The work in your comment was a good start. Another thing to notice is that if $a>0$, then $4-a<4+a$, so your solution consists of two disjoint "rays" corresponding to the inequalities you wrote. However, when $a<0$, then $4+a<4-a$, and in particular each $x$ such that $x\geq 4-a$ satisfies $x>4+a$. That is one way to see that your method leads to the same answer mentioned in Ross's answer. But Ross's method of observing that $|x-4|\geq 0>a$ for all $x$ if $a<0$ is a little easier.

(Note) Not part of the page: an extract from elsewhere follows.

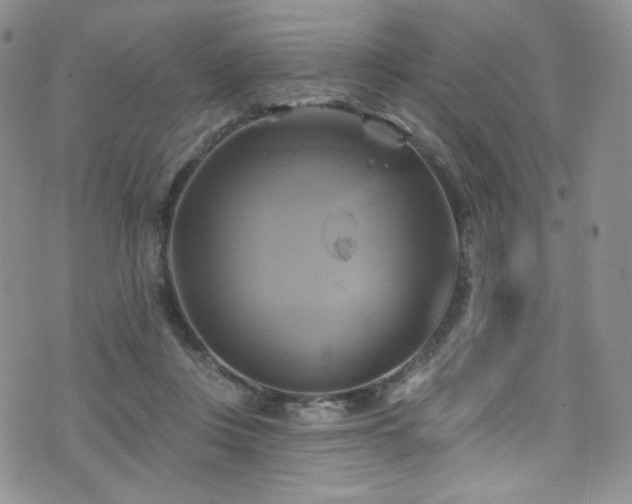 X0000075900359200609151417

To make things a little more concrete, consider what happens when $a=5$: Your method says that $x>9$ or $x<-1$, which is correct. Now when $a=-5$, your method says that $x>-1$ or $x<9$, which is true for all real numbers.
Consider multiple cases
Case 1: $a = 0$
Then, any number other than $4$ will satisfy your inequality.
Case 2: $a < 0$
Then, any $x$ will satisfy your inequality since absolute values are $\ge 0$
Case 3: $a > 0$
Then $|x - 4| > a$ if and only if $x$ is farther than $a$ units from $4$. Hence, $x - 4 > a$ or $x - 4 < -a$. So the set of all real numbers that satisfy your inequality is $$(-\infty, 4 - a) \cup (4+a, \infty)$$